The legislation received strong bipartisan approval with votes of 359-67 in the House and 72-26 in the Senate last week.
This legislation means there will be no government shut-down for the remainder of Fiscal 2014. Moreover, in a welcome change from the first third of the fiscal year, federal agencies and departments now know what their final budgets look like.
These are rather small accomplishments. Washington is still just focusing on the short term. Once again elected officials have postponed action on the nation’s larger fiscal sustainability challenge, which is rooted in an aging population, growing health care costs and a grossly inefficient tax system.
Nor is it certain that the overwhelming support for the omnibus bill signals any real change in the recent pattern of budgeting by crisis. In fact, storm clouds are again building over the need to increase the federal debt limit within the coming weeks.

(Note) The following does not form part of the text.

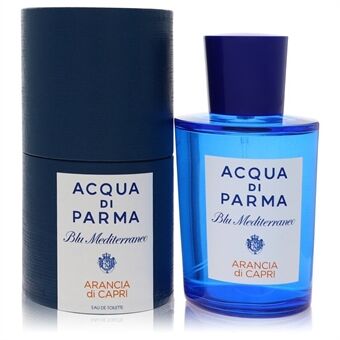 Blu Mediterraneo Arancia Di Capri by Acqua Di Parma - Eau De Toilette Spray 100 ml - for kvinner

Treasury Secretary Jack Lew last week said the latest data indicates that Treasury’s borrowing authority, including the usual “extraordinary measures” approved by law, would more likely expire “at the end of February than anytime in March.”
Republicans say they plan to seek Democratic concessions in return for an increase in the debt limit. The Obama administration has reiterated that it will not negotiate over the debt limit. It is an all-too-familiar scenario and threatens to derail Fiscal 2015 budget negotiations under “regular order” before they begin.
Given that Congress has already approved the policy choices that will require additional borrowing, a protracted debate over whether to pay the bill is not warranted. The creditworthiness of the United States should never be subject to doubt.